Todo viajero que visite Maui debe hacer al menos una vez el Camino a Hana (Road to Hana). Si es en un descapotable, mejor, con buena música y mucha paciencia, ya que es un recorrido tan bello como peligroso y toma un día completo. Es un trayecto de 103 kilómetros hasta el pequeño poblado de Hana, ubicado en la costa este de la isla, y vale la pena. Hay que salir temprano por la mañana y tener pensado de antemano qué paradas hacer. Al inicio se encuentra Ho´okipa, la meca del Windsurf y el Kite, ubicadas debajo de un alto acantilado que funciona como tribuna para los espectadores. ¡Hay que atarse el pelo, el viento sopla fuerte!
Al retomar el camino para subir la montaña, la vegetación empieza a ponerse cada vez más tupida y el camino más angosto y serpenteante, con más de 600 curvas y 59 puentes; la selva es exuberante y aparecen los acantilados y precipicios vertiginosos. Hay paradas para visitar cataratas metidas en la selva donde bañarse —como las Twin Falls o las Three Bear—, jardines privados, parques para hacer caminatas y picnics, cuevas formadas por lava solidificada y, casi llegando al final, el imperdible Parque Estatal Wai´anapanapa, donde se encuentran las exóticas playas de arenas volcánicas negras. Una opción es hospedarse en el camping del parque y volver al día siguiente.

Kauai, the "Garden Island", con doble arcoíris
Es la más antigua de todas las islas que forman el archipiélago de Hawaii: tiene más de 6 millones de años. Sólo el 30% del territorio termina en playa, el resto son acantilados inaccesibles. Es una de las zonas con mayor índice de precipitaciones en el mundo, por eso la vegetación es tan selvática y tupida.

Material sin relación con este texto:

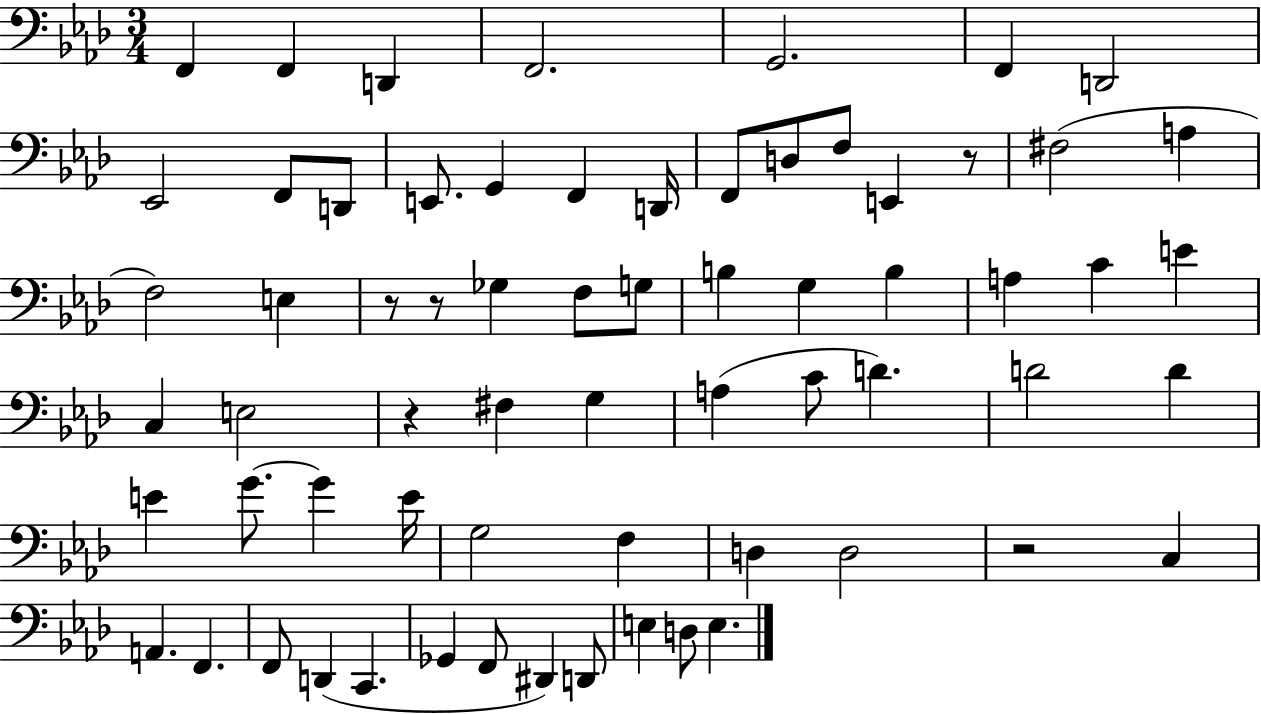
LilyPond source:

{
  \clef bass
  \numericTimeSignature
  \time 3/4
  \key aes \major
  f,4 f,4 d,4 | f,2. | g,2. | f,4 d,2 | \break ees,2 f,8 d,8 | e,8. g,4 f,4 d,16 | f,8 d8 f8 e,4 r8 | fis2( a4 | \break f2) e4 | r8 r8 ges4 f8 g8 | b4 g4 b4 | a4 c'4 e'4 | \break c4 e2 | r4 fis4 g4 | a4( c'8 d'4.) | d'2 d'4 | \break e'4 g'8.~~ g'4 e'16 | g2 f4 | d4 d2 | r2 c4 | \break a,4. f,4. | f,8 d,4( c,4. | ges,4 f,8 dis,4) d,8 | e4 d8 e4. | \break \bar "|."
}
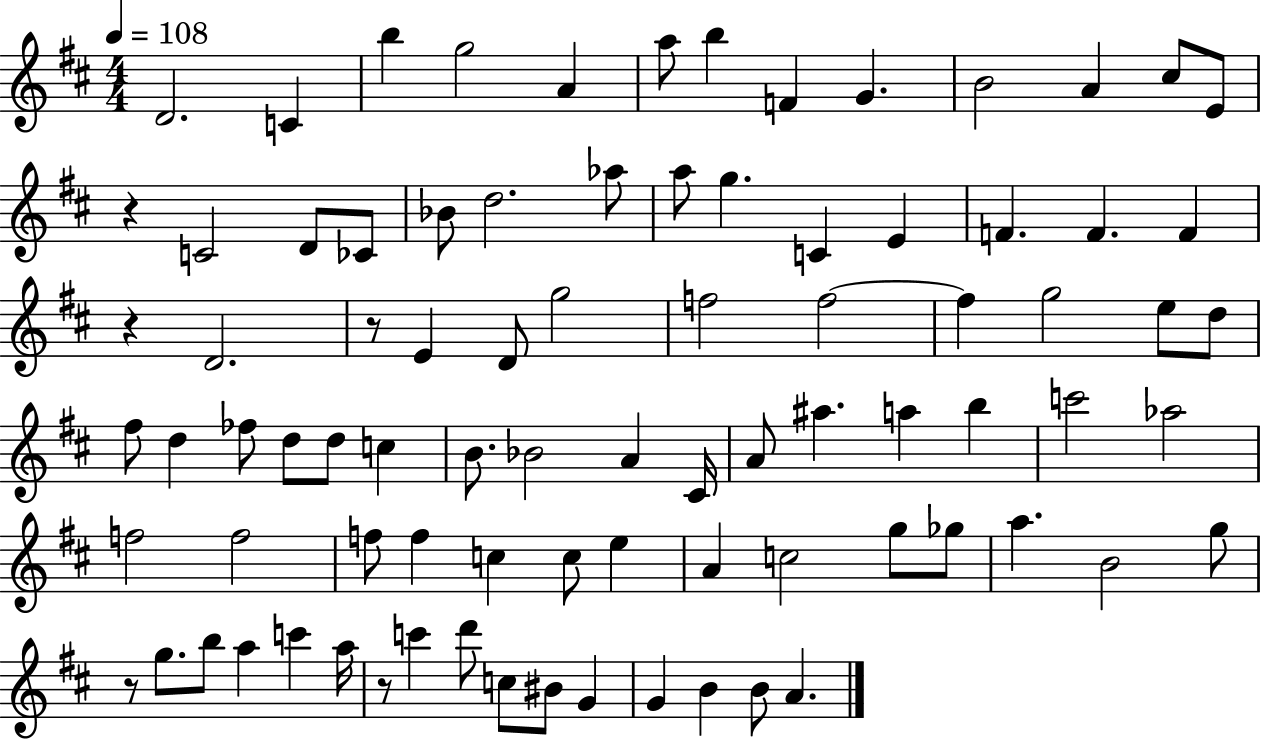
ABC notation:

X:1
T:Untitled
M:4/4
L:1/4
K:D
D2 C b g2 A a/2 b F G B2 A ^c/2 E/2 z C2 D/2 _C/2 _B/2 d2 _a/2 a/2 g C E F F F z D2 z/2 E D/2 g2 f2 f2 f g2 e/2 d/2 ^f/2 d _f/2 d/2 d/2 c B/2 _B2 A ^C/4 A/2 ^a a b c'2 _a2 f2 f2 f/2 f c c/2 e A c2 g/2 _g/2 a B2 g/2 z/2 g/2 b/2 a c' a/4 z/2 c' d'/2 c/2 ^B/2 G G B B/2 A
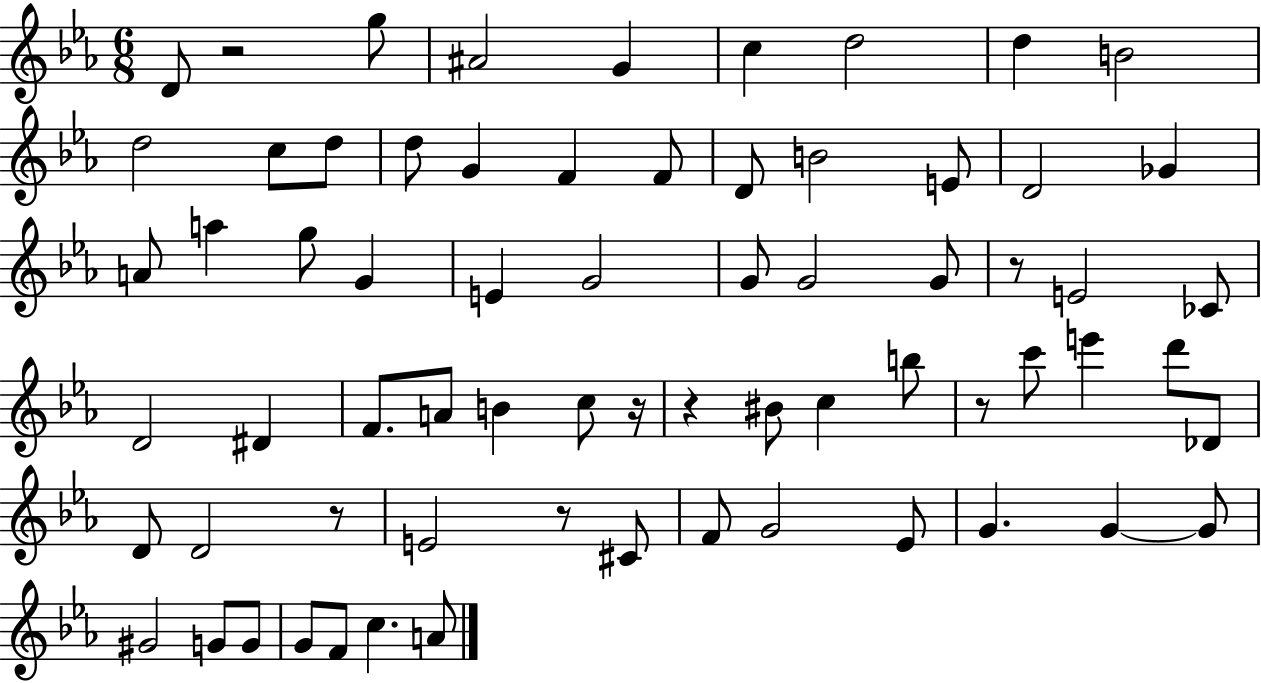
{
  \clef treble
  \numericTimeSignature
  \time 6/8
  \key ees \major
  \repeat volta 2 { d'8 r2 g''8 | ais'2 g'4 | c''4 d''2 | d''4 b'2 | \break d''2 c''8 d''8 | d''8 g'4 f'4 f'8 | d'8 b'2 e'8 | d'2 ges'4 | \break a'8 a''4 g''8 g'4 | e'4 g'2 | g'8 g'2 g'8 | r8 e'2 ces'8 | \break d'2 dis'4 | f'8. a'8 b'4 c''8 r16 | r4 bis'8 c''4 b''8 | r8 c'''8 e'''4 d'''8 des'8 | \break d'8 d'2 r8 | e'2 r8 cis'8 | f'8 g'2 ees'8 | g'4. g'4~~ g'8 | \break gis'2 g'8 g'8 | g'8 f'8 c''4. a'8 | } \bar "|."
}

Las opciones turísticas vuelven a estar divididas: Princeville con hoteles, resort y exclusivos clubs de golf, y Hanalei, un pequeño pueblito más hippie lleno de surfers, con gran oferta de hostels y food trucks.
Una de las postales más características de Kauai son los acantilados de la costa Na Pali (Pali significa precipicio) a los cuales solo se puede acceder a través de excursiones en helicóptero o barco. Con una altura de más de 1.000 metros, los acantilados de color verde, amarillo y naranja contrastan con el azul del mar. Los más aventureros tienen el Kalalau Trail, una excursión de trekking de 35 kilómetros que permite conocer la parte más salvaje de la isla.
Al norte de la isla hay una joya escondida: Ke´e Beach, un bosque en una playa desértica con enormes raíces desnudas por la erosión del mar crea un lugar encantado. A la izquierda, termina la playa y empiezan los altísimos acantilados donde las olas rompen con tanta fuerza, que el espectáculo del agua puede cautivarnos por horas. A la derecha, una playa virgen donde se suelen ver las hawaiian monk seals (foca autóctona) y los atardeceres más especiales de todo Hawaii, con su famoso doble arcoíris: uno se forma sobre los acantilados y el otro sobre el mar.

CONSEJOS ÚTILES
INTERNET.
La conexión varía según las zonas. En las grandes ciudades hay WiFi en todos los hoteles y hostels, mientras que en los lugares desérticos ni siquiera hay conexión telefónica. Se puede comprar una tarjeta SIM y los autos de alquiler de alta gama vienen con WiFi.
MAPAS. Para hacer recorridos de todo el día, lo recomendable es descargar el mapa para no depender de la conexión a Internet, y si es posible imprimirlo, para no depender de la batería del celular al momento del regreso.
REGALOS. Una camisa hawaiiana y collares de cayena, también llaveros con forma de tabla de surf y... ¿Por qué no? Un ukelele.